(Scraped caption text data)

+++

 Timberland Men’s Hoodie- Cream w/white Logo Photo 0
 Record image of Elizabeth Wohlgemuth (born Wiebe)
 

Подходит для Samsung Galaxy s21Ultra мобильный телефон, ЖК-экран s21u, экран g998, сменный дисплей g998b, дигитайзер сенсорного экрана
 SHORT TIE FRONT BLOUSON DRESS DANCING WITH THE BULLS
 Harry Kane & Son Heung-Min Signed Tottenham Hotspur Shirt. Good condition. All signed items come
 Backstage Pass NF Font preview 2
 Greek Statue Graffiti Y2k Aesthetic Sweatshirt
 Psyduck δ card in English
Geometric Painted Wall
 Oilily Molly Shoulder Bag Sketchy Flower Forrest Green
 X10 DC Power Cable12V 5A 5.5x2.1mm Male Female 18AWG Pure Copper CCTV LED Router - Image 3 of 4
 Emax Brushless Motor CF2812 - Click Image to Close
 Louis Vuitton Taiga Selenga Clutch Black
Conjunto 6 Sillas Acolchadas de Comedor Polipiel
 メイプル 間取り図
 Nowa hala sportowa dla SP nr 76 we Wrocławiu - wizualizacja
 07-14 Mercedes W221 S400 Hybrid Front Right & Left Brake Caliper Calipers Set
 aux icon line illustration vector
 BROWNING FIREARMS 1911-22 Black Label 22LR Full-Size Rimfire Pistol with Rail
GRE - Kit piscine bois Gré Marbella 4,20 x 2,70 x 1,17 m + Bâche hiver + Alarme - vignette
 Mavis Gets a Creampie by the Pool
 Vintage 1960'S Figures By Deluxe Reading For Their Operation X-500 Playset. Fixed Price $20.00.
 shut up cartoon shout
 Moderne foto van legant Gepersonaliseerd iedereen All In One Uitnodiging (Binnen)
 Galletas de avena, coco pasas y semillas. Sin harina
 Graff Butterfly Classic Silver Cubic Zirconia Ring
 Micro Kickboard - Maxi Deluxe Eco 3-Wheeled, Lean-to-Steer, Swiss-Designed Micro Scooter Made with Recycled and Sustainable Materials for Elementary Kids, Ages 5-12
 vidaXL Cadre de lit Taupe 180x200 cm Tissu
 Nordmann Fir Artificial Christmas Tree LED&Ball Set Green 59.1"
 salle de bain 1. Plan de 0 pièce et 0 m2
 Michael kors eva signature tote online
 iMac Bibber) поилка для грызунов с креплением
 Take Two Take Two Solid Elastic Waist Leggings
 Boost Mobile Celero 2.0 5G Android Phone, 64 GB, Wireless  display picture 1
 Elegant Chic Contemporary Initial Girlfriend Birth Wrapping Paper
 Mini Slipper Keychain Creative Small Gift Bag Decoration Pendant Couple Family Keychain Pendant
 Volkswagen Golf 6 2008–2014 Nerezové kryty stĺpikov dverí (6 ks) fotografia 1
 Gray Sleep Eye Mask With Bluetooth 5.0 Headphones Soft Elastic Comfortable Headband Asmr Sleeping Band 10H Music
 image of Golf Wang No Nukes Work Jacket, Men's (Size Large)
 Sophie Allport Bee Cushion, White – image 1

+++

§ Task directions
Output the entire data exactly, line for line.

§ Answer section
 Timberland Men’s Hoodie- Cream w/white Logo Photo 0
 Record image of Elizabeth Wohlgemuth (born Wiebe)
 

Подходит для Samsung Galaxy s21Ultra мобильный телефон, ЖК-экран s21u, экран g998, сменный дисплей g998b, дигитайзер сенсорного экрана
 SHORT TIE FRONT BLOUSON DRESS DANCING WITH THE BULLS
 Harry Kane & Son Heung-Min Signed Tottenham Hotspur Shirt. Good condition. All signed items come
 Backstage Pass NF Font preview 2
 Greek Statue Graffiti Y2k Aesthetic Sweatshirt
 Psyduck δ card in English
Geometric Painted Wall
 Oilily Molly Shoulder Bag Sketchy Flower Forrest Green
 X10 DC Power Cable12V 5A 5.5x2.1mm Male Female 18AWG Pure Copper CCTV LED Router - Image 3 of 4
 Emax Brushless Motor CF2812 - Click Image to Close
 Louis Vuitton Taiga Selenga Clutch Black
Conjunto 6 Sillas Acolchadas de Comedor Polipiel
 メイプル 間取り図
 Nowa hala sportowa dla SP nr 76 we Wrocławiu - wizualizacja
 07-14 Mercedes W221 S400 Hybrid Front Right & Left Brake Caliper Calipers Set
 aux icon line illustration vector
 BROWNING FIREARMS 1911-22 Black Label 22LR Full-Size Rimfire Pistol with Rail
GRE - Kit piscine bois Gré Marbella 4,20 x 2,70 x 1,17 m + Bâche hiver + Alarme - vignette
 Mavis Gets a Creampie by the Pool
 Vintage 1960'S Figures By Deluxe Reading For Their Operation X-500 Playset. Fixed Price $20.00.
 shut up cartoon shout
 Moderne foto van legant Gepersonaliseerd iedereen All In One Uitnodiging (Binnen)
 Galletas de avena, coco pasas y semillas. Sin harina
 Graff Butterfly Classic Silver Cubic Zirconia Ring
 Micro Kickboard - Maxi Deluxe Eco 3-Wheeled, Lean-to-Steer, Swiss-Designed Micro Scooter Made with Recycled and Sustainable Materials for Elementary Kids, Ages 5-12
 vidaXL Cadre de lit Taupe 180x200 cm Tissu
 Nordmann Fir Artificial Christmas Tree LED&Ball Set Green 59.1"
 salle de bain 1. Plan de 0 pièce et 0 m2
 Michael kors eva signature tote online
 iMac Bibber) поилка для грызунов с креплением
 Take Two Take Two Solid Elastic Waist Leggings
 Boost Mobile Celero 2.0 5G Android Phone, 64 GB, Wireless  display picture 1
 Elegant Chic Contemporary Initial Girlfriend Birth Wrapping Paper
 Mini Slipper Keychain Creative Small Gift Bag Decoration Pendant Couple Family Keychain Pendant
 Volkswagen Golf 6 2008–2014 Nerezové kryty stĺpikov dverí (6 ks) fotografia 1
 Gray Sleep Eye Mask With Bluetooth 5.0 Headphones Soft Elastic Comfortable Headband Asmr Sleeping Band 10H Music
 image of Golf Wang No Nukes Work Jacket, Men's (Size Large)
 Sophie Allport Bee Cushion, White – image 1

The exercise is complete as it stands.